El filo-indigenismo, es una corriente del romanticismo decimonónico en la que se identifica lo indígena con lo propio y esto a su vez con lo primitivo. En este movimiento lo indígena es convertido en lo irreconciliable con la modernidad, en lo privado de existencia positiva hoy, para que algo tenga valor “folclórico” debe originarse en lo indígena. Por lo tanto, es entendible que toda música “moderna” como la champeta o de sustrato no indígena, sea descalificada de todo valor estético y cultural. Solo de un filo-indigenista se puede esperar juicios como decir que la champeta no tiene raíces ni nos identifica porque carece del sustrato indígena que para esta corriente es la única portadora de autenticidad, tradición e identidad.


Quienes defienden el filo-indigenismo también comparten las teorías esencialistas de la identidad y valoran lo folclórico como una “esencia” inalterable que hay que conservar en un museo por lo “tradicional, auténtico y puro”. De allí que siempre miran con sospecha y menosprecio manifestaciones que como la champeta, son urbanas, masivas, posmodernas y asociadas a culturas juveniles.

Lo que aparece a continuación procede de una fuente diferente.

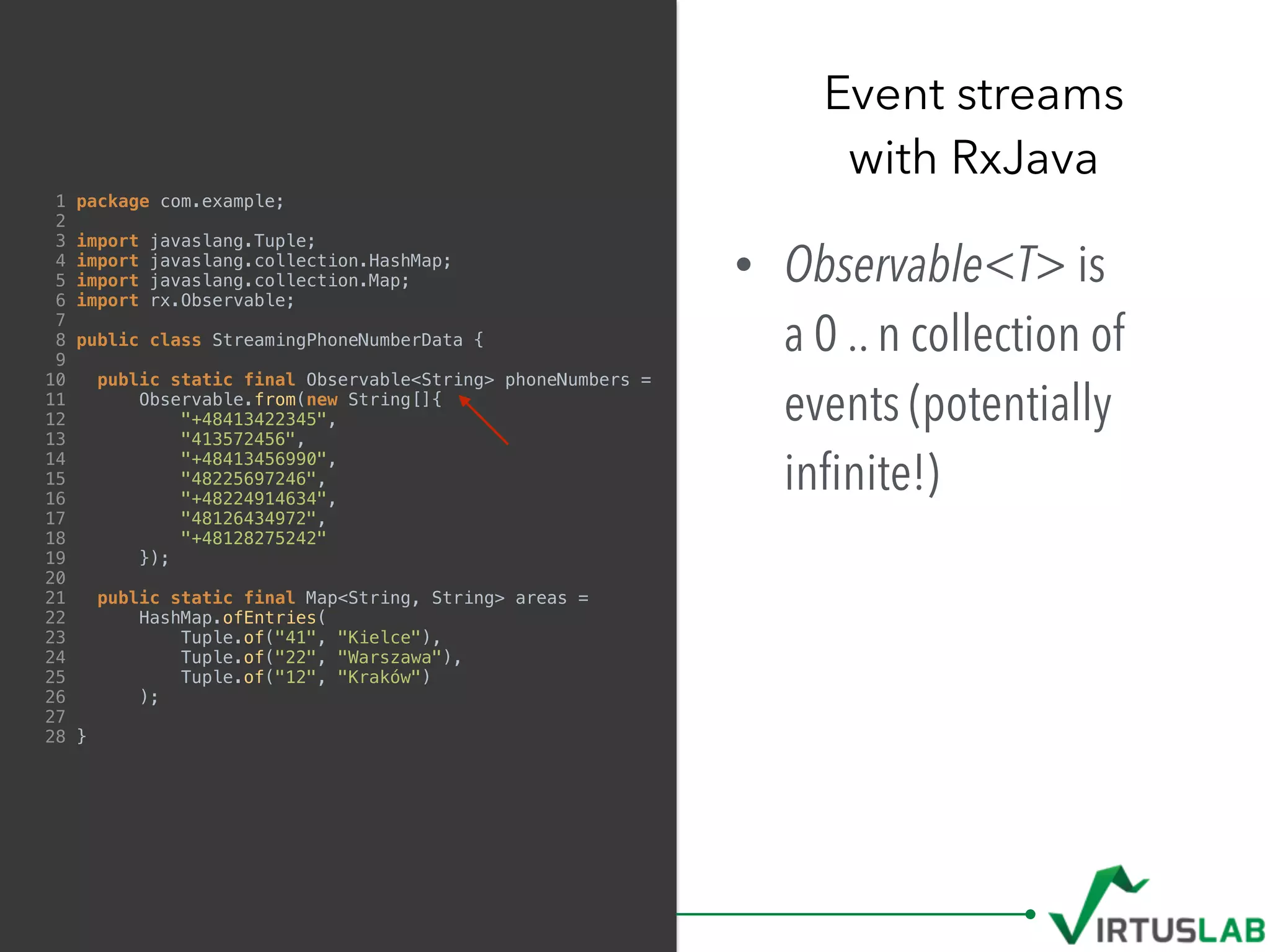 1 package com.example;
2
3 import javaslang.Tuple;
4 import javaslang.collection.HashMap;
5 import javaslang.collection.Map;
6 import rx.Observable;
7
8 public class StreamingPhoneNumberData {
9
10 public static final Observable<String> phoneNumbers =
11 Observable.from(new String[]{
12 "+48413422345",
13 "413572456",
14 "+48413456990",
15 "48225697246",
16 "+48224914634",
17 "48126434972",
18 "+48128275242"
19 });
20
21 public static final Map<String, String> areas =
22 HashMap.ofEntries(
23 Tuple.of("41", "Kielce"),
24 Tuple.of("22", "Warszawa"),
25 Tuple.of("12", "Kraków")
26 );
27
28 }
Event streams  
with RxJava
• Observable<T> is  
a 0 .. n collection of
events (potentially
inﬁnite!)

En suma, uno entiende que la champeta, el reggetón y otros géneros postmodernos, riñan con el gusto musical de otras generaciones. Que hay músicas que a uno le generen rechazo- yo confieso que lo tengo por la llamada música popular de despecho y la nueva bachata de Romeo Santos y Aventura- pero de allí a desconocer todo valor cultural, estético e identitario es entrar en un terreno de conflicto que da para reacciones como las que se han dado contra Tomás Darío, del que solo espero que no tome mal mis apuntes. No podemos arrogarnos el derecho a decir que estas músicas no nos representan porque hay nuevas generaciones que han construido su identidad con ladrillos que no son monolíticos sino una mezcla variopinta de influencias y con el impulso de diferenciarse de los adultos. La champeta, así algunos la bailen de manera obscena, tiene sus nichos en la que tiene claro origen, identidad, representatividad y alto valor cultural.